Scaling to Perspectives

Finally, in the last of the minimum levels, the inference layer, the model is attuned to tracking changes in registered and signaling services’ Status value. Much like the signaling layer below, this level allows for event Subscription management. As an observer moves up layers in the abstraction and attention hierarchy, the frequency of events emittance is reduced significantly, and the meaning and relevance of each element and possibility in the model relate closer to the overall goal. In this top-level, observation, analysis, and (indirect) controllability of the model centers around the switches in the transitions between Status values, the sequencing and scoring of such over periods, and the possibility of predicting near future states of the system. The scale of analysis also changes, from the signaling and operational status inference of a single service to how changes in the status of a system of (interconnected) services cascade and ripple in unexpected ways through the networked of contexts – both locally and globally. It would be near impossible to do so at the signaling level for a human, at least. At all levels of the hierarchy, the same processes are involved – seeing, sensing, signifying, sequencing, scaling, and synthesizing higher-order information for representation, reduction, recognition, recording, recollection, reasoning, retrospection, reinforcement, regulation, and rectification.

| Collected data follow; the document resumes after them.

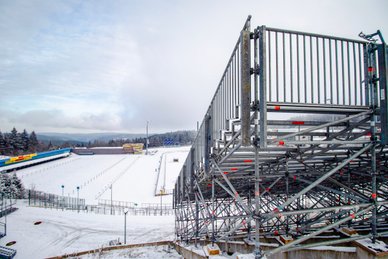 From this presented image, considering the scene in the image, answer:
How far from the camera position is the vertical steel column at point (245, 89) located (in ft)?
16.6

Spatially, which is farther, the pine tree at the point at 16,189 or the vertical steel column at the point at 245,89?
the pine tree at the point at 16,189

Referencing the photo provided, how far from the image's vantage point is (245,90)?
198 inches

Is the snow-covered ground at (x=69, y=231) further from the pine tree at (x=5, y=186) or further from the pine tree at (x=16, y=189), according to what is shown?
the pine tree at (x=16, y=189)

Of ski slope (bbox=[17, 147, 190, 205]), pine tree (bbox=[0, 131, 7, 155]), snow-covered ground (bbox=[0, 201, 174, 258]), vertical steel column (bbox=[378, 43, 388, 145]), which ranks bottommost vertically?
snow-covered ground (bbox=[0, 201, 174, 258])

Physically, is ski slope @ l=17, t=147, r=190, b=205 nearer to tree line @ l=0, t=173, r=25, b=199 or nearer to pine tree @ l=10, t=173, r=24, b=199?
pine tree @ l=10, t=173, r=24, b=199

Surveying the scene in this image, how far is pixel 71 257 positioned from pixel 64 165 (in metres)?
54.3

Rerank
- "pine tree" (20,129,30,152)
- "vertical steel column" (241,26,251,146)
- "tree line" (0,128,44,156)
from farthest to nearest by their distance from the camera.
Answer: "pine tree" (20,129,30,152) < "tree line" (0,128,44,156) < "vertical steel column" (241,26,251,146)

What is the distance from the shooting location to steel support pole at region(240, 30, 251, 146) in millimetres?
5047

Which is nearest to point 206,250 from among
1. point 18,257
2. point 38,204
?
point 18,257

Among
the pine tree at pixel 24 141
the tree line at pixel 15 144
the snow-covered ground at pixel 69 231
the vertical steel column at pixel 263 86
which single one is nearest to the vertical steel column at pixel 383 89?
the vertical steel column at pixel 263 86

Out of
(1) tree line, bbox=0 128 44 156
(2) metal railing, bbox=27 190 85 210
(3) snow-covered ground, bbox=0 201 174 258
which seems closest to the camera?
(3) snow-covered ground, bbox=0 201 174 258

Observability via (Verbal) Protocol Analysis

I’m always on the lookout for new ways to explain and relate to the design of the OpenSignals conceptual model of signals and states. So it was a pleasant surprise to stumble across (Verbal) Protocol Analysis during a recent certification in Design Thinking and some readings in situational awareness. VPA is a technique that has been used by researchers across many domains, including psychology, engineering, and architecture. The basic idea is that during a task, such as solving a problem, a subject will concurrently verbalize, think aloud, what is resident in their working memory – what they are thinking during the doing. Using Protocol Analysis, researchers can elicit the cognitive processes involved by a subject from start to completion of a task. After further processing, the information captured is then analyzed to provide insights that can be used to improve performance, possibly.

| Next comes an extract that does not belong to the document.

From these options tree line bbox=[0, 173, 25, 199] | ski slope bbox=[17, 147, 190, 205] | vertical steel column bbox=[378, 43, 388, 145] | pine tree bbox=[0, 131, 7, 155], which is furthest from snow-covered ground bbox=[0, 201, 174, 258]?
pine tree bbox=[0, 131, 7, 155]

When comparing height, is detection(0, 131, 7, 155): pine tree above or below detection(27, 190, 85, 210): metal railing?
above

An advantage of verbal protocol analysis over other cognitive investigation tasks is its richness of the data recorded. Unfortunately, this richness, unstructured and diverse in expression, can quickly become voluminous, requiring post-processing such as transcription and coding before being analyzed. Sound familiar? Yes, the same issue site reliability engineering (SRE) teams face when their primary data sources for monitoring and observability are event logging and its sibling distributed tracing.

From Record to Analysis

The basic steps to Protocol Analysis are (1) record the verbalization, (2) transcribe the recording, (3) segment the transcription, (4) aggregate the segments into episodes, (5) encode the episodes, and finally (6) analyze the code sequencing patterns. During the transcribing step, researchers will interpret the recording in terms of a glossary of domain-relevant terms. The segmentation step aims to break the verbal into text units, segments, where a segment expresses one idea or action statement. In the aggregate step, some segments are collapsed and combined into episodes to make further coding and data analysis more straightforward, especially when the recording volume is sufficiently large, requiring sampling to reduce human effort and cost. The most crucial step to this process that dictates the success of the analysis comes down to the coding of statements. The coding scheme, where statements are mapped to processes of interest, is driven by the researchers’ question or goal being pursued. In this regard, a coding scheme needs to be effective and reliable in translation and express the aspects of concern for the investigation. Typically, a small fixed set of concept variables are encoded for each statement, with each variable having a predefined set of possible codes.

In the case of an investigation into how designers think the variables might be the "design step", "knowledge", "activity", and "object". A more abstract variable set would be "subject", "predicate", and "object". A coding scheme is reliable when ambiguity is kept to a minimum in taking a statement or event in the real world and mapping it to the appropriate code across different persons tasked with the coding.

A scheme is effective when the coding is focused on the proper aspects of the domain and at the right level of granularity to answer questions via sequencing patterns. In the last step, analysis, researchers perform script analysis, sometimes introducing further higher-level process groupings and categorizations that can then be sequenced and analyzed – a scaling up. An example of scaling would be OpenSignals service status inference from signaling.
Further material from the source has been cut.